狭心症の原因

冠動脈の血流が悪くなることで起こる

心疾患の一種である狭心症は、心臓を冠(かんむり)のように覆っている冠動脈(冠状動脈)の血流が悪くなり、心臓を動かす血液が不足することで発症します。

冠動脈の血流が悪くなる原因は大きく2つあります。

1つは冠動脈に動脈硬化が生じること。動脈硬化とは血管が厚く硬くなり、内壁にコレステロールなどがたまって血液の流れが悪くなる病変のことです。これが原因で起こる狭心症を「器質性狭心症」といい、狭心症の発症原因の8~9割を占めるといわれています。重い荷物を持つ、坂道を登るなど、心臓に負担がかかる時に起こりやすい傾向にあります。

もうひとつの原因は冠動脈のけいれんです。
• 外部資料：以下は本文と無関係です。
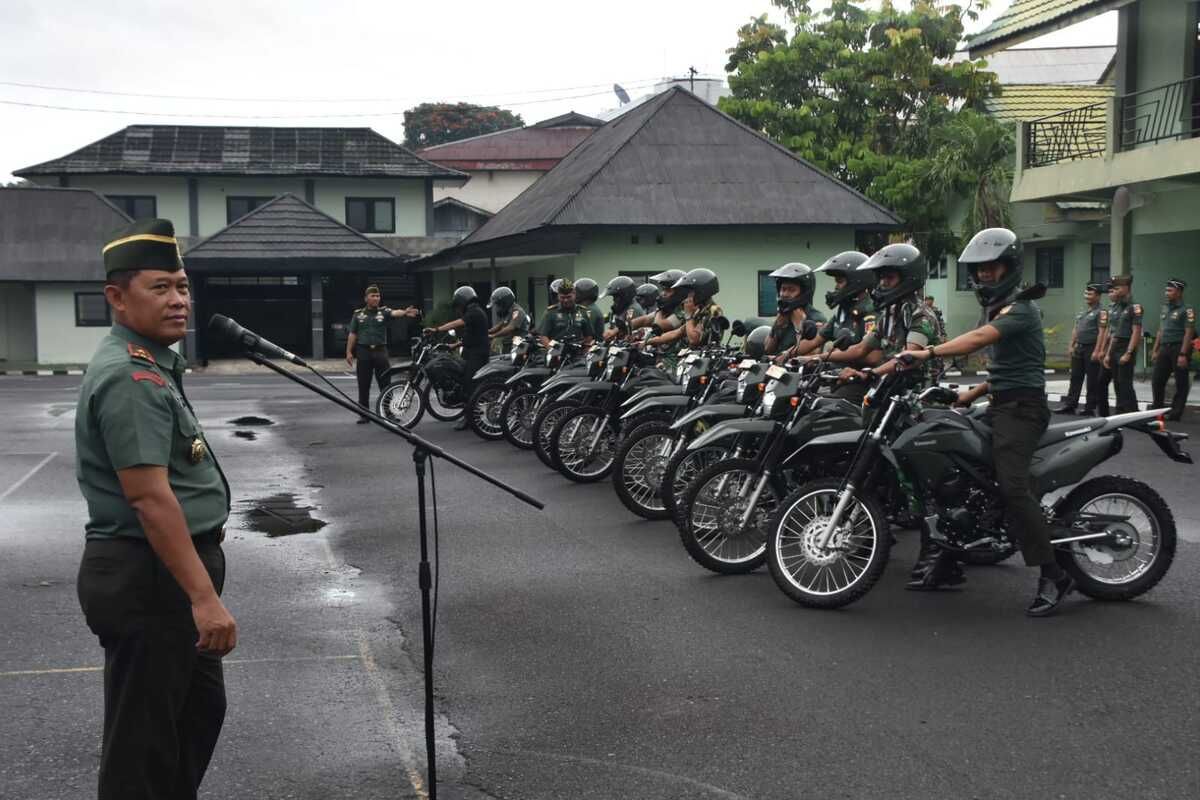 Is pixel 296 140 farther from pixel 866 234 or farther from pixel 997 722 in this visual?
pixel 997 722

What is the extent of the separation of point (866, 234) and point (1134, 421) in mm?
26669

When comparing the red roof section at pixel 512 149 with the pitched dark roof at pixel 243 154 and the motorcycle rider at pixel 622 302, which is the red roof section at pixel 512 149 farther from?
the motorcycle rider at pixel 622 302

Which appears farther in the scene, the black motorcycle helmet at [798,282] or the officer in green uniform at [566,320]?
the officer in green uniform at [566,320]

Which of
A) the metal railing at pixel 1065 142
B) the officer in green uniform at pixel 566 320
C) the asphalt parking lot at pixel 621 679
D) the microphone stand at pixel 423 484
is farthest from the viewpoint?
the metal railing at pixel 1065 142

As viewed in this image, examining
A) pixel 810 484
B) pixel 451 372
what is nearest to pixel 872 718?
pixel 810 484

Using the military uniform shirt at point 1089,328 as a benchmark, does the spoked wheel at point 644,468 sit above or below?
below

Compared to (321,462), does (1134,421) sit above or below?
above

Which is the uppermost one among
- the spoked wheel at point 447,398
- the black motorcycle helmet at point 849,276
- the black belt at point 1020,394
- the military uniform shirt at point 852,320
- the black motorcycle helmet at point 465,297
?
the black motorcycle helmet at point 849,276

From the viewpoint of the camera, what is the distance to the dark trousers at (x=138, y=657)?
3.55 meters

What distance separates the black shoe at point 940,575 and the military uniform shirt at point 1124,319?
36.6ft

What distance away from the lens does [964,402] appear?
7836mm

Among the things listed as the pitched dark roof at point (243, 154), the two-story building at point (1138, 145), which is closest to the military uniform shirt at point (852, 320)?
the two-story building at point (1138, 145)

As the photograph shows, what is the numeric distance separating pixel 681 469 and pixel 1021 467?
9.38 feet

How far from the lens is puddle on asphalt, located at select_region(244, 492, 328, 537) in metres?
10.4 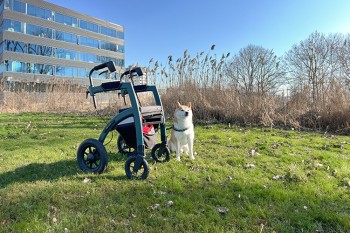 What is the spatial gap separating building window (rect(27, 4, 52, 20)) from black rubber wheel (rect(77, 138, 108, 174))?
134 feet

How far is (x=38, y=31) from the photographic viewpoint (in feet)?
125

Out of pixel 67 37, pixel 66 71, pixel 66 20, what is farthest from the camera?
pixel 66 20

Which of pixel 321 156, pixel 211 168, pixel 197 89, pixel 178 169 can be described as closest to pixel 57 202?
pixel 178 169

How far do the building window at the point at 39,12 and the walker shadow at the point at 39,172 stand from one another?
4032 centimetres

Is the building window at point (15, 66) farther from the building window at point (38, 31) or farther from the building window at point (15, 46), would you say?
the building window at point (38, 31)

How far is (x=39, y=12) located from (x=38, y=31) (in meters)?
2.89

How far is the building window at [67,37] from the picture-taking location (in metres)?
40.8

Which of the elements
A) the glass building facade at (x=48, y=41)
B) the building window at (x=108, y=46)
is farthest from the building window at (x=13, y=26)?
the building window at (x=108, y=46)

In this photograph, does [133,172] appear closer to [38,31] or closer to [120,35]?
[38,31]

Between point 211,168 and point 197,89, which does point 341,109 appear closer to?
point 197,89

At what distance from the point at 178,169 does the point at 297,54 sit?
105 feet

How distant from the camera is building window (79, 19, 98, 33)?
147 ft

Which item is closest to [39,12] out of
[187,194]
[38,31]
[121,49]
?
[38,31]

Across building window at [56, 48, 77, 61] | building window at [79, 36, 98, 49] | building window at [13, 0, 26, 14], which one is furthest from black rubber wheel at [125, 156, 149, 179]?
building window at [79, 36, 98, 49] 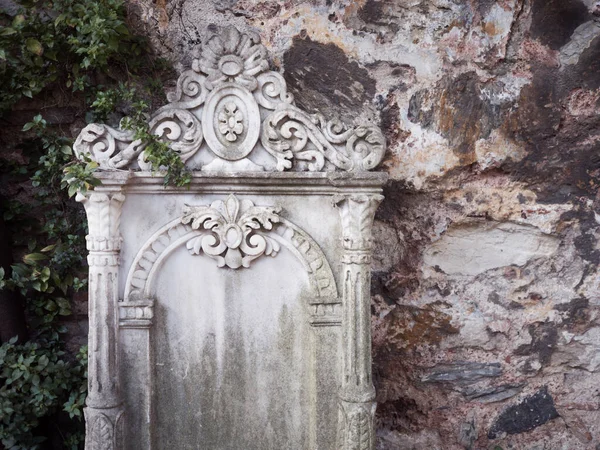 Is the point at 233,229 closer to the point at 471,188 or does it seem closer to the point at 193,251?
the point at 193,251

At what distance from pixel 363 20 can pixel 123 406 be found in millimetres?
2167

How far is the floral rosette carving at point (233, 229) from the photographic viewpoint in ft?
8.84

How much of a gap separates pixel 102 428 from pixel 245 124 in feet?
4.68

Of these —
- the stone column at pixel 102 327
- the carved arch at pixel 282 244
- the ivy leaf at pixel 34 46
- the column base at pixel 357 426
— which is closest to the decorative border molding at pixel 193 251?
the carved arch at pixel 282 244

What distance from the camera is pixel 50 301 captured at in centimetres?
343

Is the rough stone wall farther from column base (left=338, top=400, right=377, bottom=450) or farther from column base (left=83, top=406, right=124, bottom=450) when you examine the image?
column base (left=83, top=406, right=124, bottom=450)

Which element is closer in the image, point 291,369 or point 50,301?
point 291,369

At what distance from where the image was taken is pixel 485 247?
3184 millimetres

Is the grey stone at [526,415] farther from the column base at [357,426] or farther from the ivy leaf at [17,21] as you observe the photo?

けいれんを起こすことで血管が狭くなり、血流が妨げられて狭心症を発症することがあります。睡眠中などの安静時に起こりやすく、「冠攣縮(かんれんしゅく)性狭心症」と呼ばれます。

狭心症の種類 発症の原因
器質性狭心症 冠動脈に生じた動脈硬化が原因で血管が狭まり、発症する狭心症。体を動かしているとき(労作時)に起こりやすいため、労作性狭心症とも呼ばれる。狭心症の原因のほとんど、8~9割を占めるといわれている。

動脈硬化が原因

動脈硬化が原因
冠攣縮性狭心症 冠動脈がけいれんを起こすことによって血管が狭くなり、血流が妨げられて発症する。睡眠中などの安静時に比較的起こりやすいとされている。欧米人に比べて日本人に多い傾向があるといわれる。